In the first sign of tough times ahead for President Bush, the U.S. Senate's Foreign Relations Committee has rejected his plans to boost troops’ numbers in Iraq by 21,500.

The vote is non-binding, but comes a day after George W. Bush pleaded with Congress to give his plan for Iraq more time.

The Senate is to decide on the resolution some time next week. During Wednesday’s hearings in the Foreign Relations Committee some text has been changed to make the wording sound more bipartisan.

Besides the chairman of the committee said he was open to negotiations in an effort to gain more Republican’s support on this resolution. There are at least eight Republicans in the Senate who are opposing U.S. president’s new Iraq strategy.
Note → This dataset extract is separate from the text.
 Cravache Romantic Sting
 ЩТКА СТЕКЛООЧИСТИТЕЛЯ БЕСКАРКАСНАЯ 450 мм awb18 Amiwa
Earlier in his State of the Union address President Bush laid a special stress on this military initiative. “This is not the fight we entered in Iraq, but it is the fight we are in,” he declared. “Everyone of us wishes that this war were over and won. Yet it would not be like us to leave our promises unkept, our friends abandoned, and our own security at risk.”

He also mentioned the backing of this strategy in the military quarters – “My fellow citizens, our military commanders and I discussed every possible approach. In the end, I chose this course of action because it provides the best chance for success.”

Now the Senate is to have a say on this issue.

Meantime a U.S. Senate committee has approved the nomination of Army Lieutenant General David Petraeus as Commander of American forces in Iraq. He replaces General George Casey as part of a revamp of top military and diplomatic officials in Iraq.
Unlike the president's proposal to boost troop numbers in Iraq by over twenty thousand, the choice of Petraeus has not been controversial.

The 54-year-old lieutenant has served two previous tours in Iraq; during the invasion in March 2003 and as commander of the training programme for the Iraqi Army in 2004.